Art. 2.021- Quando parte da herança consistir em bens remotos do lugar do inventário, litigiosos, ou de liquidação morosa ou difícil, poderá proceder-se, no prazo legal, à partilha dos outros, reservando-se aqueles para uma ou mais sobrepartilhas, sob a guarda e administração do mesmo ou diverso inventariante, e consentimento da maioria dos herdeiros.

Art. 2.022- Ficam sujeitos a sobrepartilha os sonegados e quaisquer outros bens da herança de que se tiver ciência depois da partilha.

Francisco José Cahali ensina que a sobrepartilha também pode ser chamada de complementação da partilha, partilha adicional ou nova partilha, o que demonstra que ela poderá ser feita não só nas hipóteses do artigo 1.040 do CPC, mas também quando necessário para dividir bens que por qualquer motivo não tenham sido partilhados no inventário (2003, p. 519).

O Conselho Nacional de Justiça, na Resolução nº. 35, de 24/04/2007, definiu claramente, em seu artigo 25, a competência do tabelião para realizar sobrepartilhas, nos seguintes temos:

Art. 25. “É admissível à sobrepartilha por escritura pública, ainda que referente a inventário e partilha judiciais já findos, mesmo que o herdeiro, hoje maior e capaz, fosse menor ou incapaz ao tempo do óbito ou do processo judicial.”

Admite-se escritura pública com partilha parcial, quando não seja possível partilhar todos os bens deixados pelo autor da herança. Os bens deixados para sobrepartilha são aqueles que dependem de decisão por serem litigiosos, os sonegados, os que se achem em lugar distante ou de difícil acesso e os que se apurem posteriormente.

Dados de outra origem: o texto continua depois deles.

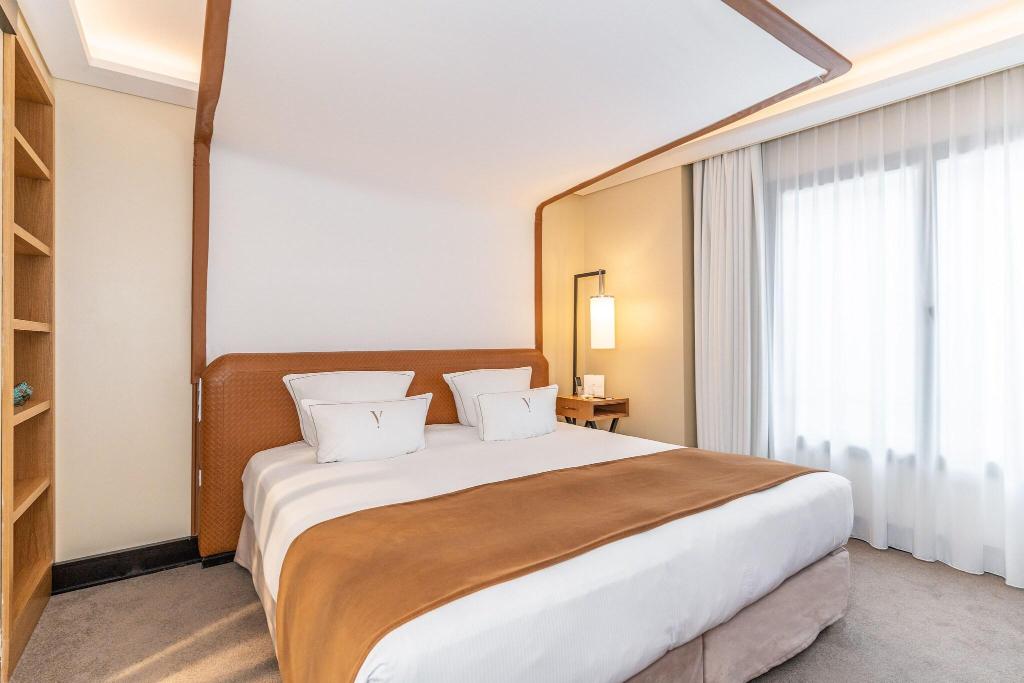 Five Seas Hotel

A sobrepartilha será realizada pela mesma forma como a partilha, ou seja, por outra escritura pública, desde que todos os herdeiros sejam capazes e concordes. Caso subsista litígio, a sobrepartilha será objeto de ação judicial, por inventário comum.

No caso da existência de erros na partilha, pode ser feita a retificação por meio de escritura pública, com as mesmas formalidades do ato original, desde que compareçam todos os interessados.

4.6. Dos documentos exigidos para a realização da escritura de inventário

De acordo com as recomendações do Colégio Notarial do Brasil, para lavratura da escritura de inventário são necessários os seguintes documentos:

- Documentos do falecido

- RG, CPF, certidão de óbito, certidão de casamento (atualizada até 90 dias) e escritura de pacto antenupcial (se houver);

- Certidão comprobatória de inexistência de testamento expedida pelo Colégio Notarial do Brasil – Seção São Paulo (http://www.cnbsp.org.br/Rcto.aspx);

- Certidão negativa da Receita Federal e Procuradoria Geral da Fazenda Nacional;

- Documentos do cônjuge, herdeiros e respectivos cônjuges

- RG e CPF, informação sobre profissão, endereço, certidão de nascimento, certidão de casamento dos cônjuges (atualizada até 90 dias).

- Documentos do advogado

- Carteira da OAB, informação sobre estado civil e endereço do advogado

- Informações sobre bens, dívidas e obrigações, descrição da partilha e pagamento do ITCMD

- imóveis urbanos: certidão de ônus expedida pelo Cartório de Registro de Imóveis (atualizada até 30 dias), carnê de IPTU, certidão negativa de tributos municipais incidentes sobre imóveis, declaração de quitação de débitos condominiais

- imóveis rurais: certidão de ônus expedida pelo Cartório de Registro de Imóveis (atualizada até 30 dias), cópia autenticada da declaração de ITR dos últimos 5 (cinco) anos ou Certidão Negativa de Débitos de Imóvel Rural emitida pela Secretaria da Receita Federal – Ministério da Fazenda, CCIR – Certificado de Cadastro de Imóvel Rural expedido pelo INCRA

- bens móveis: documento de veículos, extratos bancários, certidão da junta comercial ou do cartório de registro civil de pessoas jurídicas, notas fiscais de bens e jóias, etc.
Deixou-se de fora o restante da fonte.